From: Thomas Gleixner <tglx@linutronix.de>
To: Florian Bezdeka <florian.bezdeka@siemens.com>,
"bigeasy@linutronix.de" <bigeasy@linutronix.de>
Cc: "Preclik, Tobias" <tobias.preclik@siemens.com>,
Frederic Weisbecker <frederic@kernel.org>,
"linux-rt-users@vger.kernel.org" <linux-rt-users@vger.kernel.org>,
"Kiszka, Jan" <jan.kiszka@siemens.com>
Subject: Re: Control of IRQ Affinities from Userspace
Date: Tue, 25 Nov 2025 17:31:47 +0100 [thread overview]

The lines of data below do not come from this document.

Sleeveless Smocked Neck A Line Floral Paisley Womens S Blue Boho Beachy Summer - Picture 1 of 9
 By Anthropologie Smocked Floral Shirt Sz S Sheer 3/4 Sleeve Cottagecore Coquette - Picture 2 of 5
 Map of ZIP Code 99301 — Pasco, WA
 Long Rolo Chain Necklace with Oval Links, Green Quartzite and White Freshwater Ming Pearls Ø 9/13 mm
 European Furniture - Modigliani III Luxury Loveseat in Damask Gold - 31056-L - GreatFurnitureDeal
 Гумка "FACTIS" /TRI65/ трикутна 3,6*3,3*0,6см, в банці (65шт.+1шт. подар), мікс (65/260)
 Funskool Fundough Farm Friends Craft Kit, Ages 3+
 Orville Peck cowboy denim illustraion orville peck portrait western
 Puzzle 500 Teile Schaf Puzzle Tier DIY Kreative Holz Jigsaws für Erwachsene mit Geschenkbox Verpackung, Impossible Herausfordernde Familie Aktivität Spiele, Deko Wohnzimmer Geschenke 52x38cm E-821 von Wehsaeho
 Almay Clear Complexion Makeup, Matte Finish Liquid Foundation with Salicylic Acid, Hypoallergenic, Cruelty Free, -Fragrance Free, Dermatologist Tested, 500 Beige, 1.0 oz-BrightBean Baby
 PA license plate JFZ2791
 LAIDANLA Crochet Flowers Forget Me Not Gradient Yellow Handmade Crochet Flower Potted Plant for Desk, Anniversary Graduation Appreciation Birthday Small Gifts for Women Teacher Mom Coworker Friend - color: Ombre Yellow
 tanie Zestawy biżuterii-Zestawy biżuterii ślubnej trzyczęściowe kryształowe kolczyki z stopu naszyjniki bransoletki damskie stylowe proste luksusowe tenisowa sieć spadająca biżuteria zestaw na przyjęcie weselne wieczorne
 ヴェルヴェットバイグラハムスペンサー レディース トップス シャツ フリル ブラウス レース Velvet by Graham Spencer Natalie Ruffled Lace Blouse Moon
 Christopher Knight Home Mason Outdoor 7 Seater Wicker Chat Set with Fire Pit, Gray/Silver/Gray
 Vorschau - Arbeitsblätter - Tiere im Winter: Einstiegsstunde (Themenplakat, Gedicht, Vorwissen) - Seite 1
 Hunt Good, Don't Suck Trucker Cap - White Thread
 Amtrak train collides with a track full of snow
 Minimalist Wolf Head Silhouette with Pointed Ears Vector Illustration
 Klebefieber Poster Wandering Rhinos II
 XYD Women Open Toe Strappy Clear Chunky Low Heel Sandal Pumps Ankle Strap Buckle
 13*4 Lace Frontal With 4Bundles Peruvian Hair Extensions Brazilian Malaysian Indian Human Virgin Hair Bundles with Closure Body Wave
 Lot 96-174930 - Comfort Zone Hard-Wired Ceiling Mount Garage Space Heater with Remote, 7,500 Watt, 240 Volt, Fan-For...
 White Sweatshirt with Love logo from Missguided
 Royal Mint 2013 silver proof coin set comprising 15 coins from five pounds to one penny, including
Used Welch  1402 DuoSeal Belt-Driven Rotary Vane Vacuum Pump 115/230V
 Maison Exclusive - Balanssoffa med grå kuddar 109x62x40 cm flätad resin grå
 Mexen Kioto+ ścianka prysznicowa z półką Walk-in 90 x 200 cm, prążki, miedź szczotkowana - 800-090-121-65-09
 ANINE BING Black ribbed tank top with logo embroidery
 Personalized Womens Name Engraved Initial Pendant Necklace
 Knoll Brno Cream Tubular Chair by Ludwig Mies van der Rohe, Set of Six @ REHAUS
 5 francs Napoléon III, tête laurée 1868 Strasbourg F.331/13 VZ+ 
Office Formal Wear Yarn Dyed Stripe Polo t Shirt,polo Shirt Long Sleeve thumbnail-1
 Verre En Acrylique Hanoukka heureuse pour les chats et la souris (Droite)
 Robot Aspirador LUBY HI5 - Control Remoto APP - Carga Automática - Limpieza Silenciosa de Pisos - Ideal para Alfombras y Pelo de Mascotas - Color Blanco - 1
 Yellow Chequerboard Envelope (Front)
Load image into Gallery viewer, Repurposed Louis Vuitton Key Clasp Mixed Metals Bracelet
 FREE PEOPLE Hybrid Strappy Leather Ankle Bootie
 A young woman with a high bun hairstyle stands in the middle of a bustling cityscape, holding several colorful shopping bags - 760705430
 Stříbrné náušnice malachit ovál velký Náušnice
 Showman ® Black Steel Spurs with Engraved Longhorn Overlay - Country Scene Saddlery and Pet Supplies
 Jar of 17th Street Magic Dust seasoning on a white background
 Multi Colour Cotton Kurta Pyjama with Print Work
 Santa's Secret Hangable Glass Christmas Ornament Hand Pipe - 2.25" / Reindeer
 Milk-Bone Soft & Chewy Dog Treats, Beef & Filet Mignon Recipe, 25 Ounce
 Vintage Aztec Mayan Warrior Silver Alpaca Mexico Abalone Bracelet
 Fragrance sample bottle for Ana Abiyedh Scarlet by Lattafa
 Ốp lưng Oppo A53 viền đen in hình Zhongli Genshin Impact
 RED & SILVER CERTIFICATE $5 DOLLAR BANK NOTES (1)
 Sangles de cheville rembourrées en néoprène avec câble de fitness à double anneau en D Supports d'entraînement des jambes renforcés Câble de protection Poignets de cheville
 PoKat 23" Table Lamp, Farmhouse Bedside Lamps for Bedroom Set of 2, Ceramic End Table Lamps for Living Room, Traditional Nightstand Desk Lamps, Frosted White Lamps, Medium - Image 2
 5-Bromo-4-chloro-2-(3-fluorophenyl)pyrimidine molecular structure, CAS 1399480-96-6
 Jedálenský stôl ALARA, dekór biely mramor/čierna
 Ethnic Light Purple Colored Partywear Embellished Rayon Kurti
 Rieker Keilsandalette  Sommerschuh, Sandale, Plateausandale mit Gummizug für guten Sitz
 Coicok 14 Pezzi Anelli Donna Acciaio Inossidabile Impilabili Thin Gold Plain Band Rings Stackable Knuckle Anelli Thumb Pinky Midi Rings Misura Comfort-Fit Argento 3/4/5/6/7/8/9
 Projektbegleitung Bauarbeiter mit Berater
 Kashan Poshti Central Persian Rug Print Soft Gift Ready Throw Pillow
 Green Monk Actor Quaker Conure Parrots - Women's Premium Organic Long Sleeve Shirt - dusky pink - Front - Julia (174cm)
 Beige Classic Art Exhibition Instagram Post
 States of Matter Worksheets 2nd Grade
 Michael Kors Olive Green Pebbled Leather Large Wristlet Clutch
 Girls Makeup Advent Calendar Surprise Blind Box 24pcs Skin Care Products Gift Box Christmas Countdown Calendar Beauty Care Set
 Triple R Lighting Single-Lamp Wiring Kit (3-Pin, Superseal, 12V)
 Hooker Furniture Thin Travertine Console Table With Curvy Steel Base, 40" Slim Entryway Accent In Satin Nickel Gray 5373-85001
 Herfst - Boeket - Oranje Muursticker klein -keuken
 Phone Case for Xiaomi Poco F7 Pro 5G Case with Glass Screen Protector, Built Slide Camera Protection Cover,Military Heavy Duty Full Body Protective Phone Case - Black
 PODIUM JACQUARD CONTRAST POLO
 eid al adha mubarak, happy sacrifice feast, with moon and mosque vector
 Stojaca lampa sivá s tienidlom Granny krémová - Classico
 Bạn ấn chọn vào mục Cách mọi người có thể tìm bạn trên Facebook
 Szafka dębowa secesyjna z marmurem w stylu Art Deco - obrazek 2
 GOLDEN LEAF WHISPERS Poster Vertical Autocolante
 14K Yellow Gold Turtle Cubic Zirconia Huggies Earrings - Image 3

Message-ID: <87tsyigjkc.ffs@tglx> (raw)
In-Reply-To: <767a8c7c1c88d930c5e7d7b39e7081c3cb39a08c.camel@siemens.com>
On Tue, Nov 25 2025 at 15:36, Florian Bezdeka wrote:
> On Tue, 2025-11-25 at 12:50 +0100, bigeasy@linutronix.de wrote:
>> On 2025-11-25 12:32:39 [+0100], Florian Bezdeka wrote:
>> > > It seems that if you exclude certain CPUs from getting interrupt
>> > > handling than it should work fine. Then the driver would only balance
>> > > the interrupts among the CPUs that are left.
>> >
>> > Sebastian, what exactly do you mean by "exclude certain CPUs from
>> > getting interrupt handling"? I mean, that is what we do by configuring
>> > the /proc/<irq>/smp_affinity_list interface.
>>
>> Step #1
>> - figure out if isolcpus= is restricting the affinity of requested
>> interrupts to housekeeping CPUs only
>
> This question can not be answered with yes/no. It depends. Affinities
> are based on the default_smp_affinity during creation. But as it turned
> out there are drivers that overwrite those affinities after IRQ
> creation.
Which ones?
>> I *think* the driver should request as many interrupts as there are
>> available CPUs in the system to handle them.
>>
>
> That does not match how networking (and some storage) drivers are
> designed. Those drivers are usually HW queue centric. A driver is
> setting up a IRQ per queue pair (TX/RX). The number of HW queues is
> defined by the hardware and is decoupled from any CPU count.
>
> To optimize performance, drivers may spread / balance the IRQs / queues
> over available CPUs and while doing so might ignore any previous RT
> configuration. Again: The performance optimization is valid, but how
> could we prevent violating RT settings?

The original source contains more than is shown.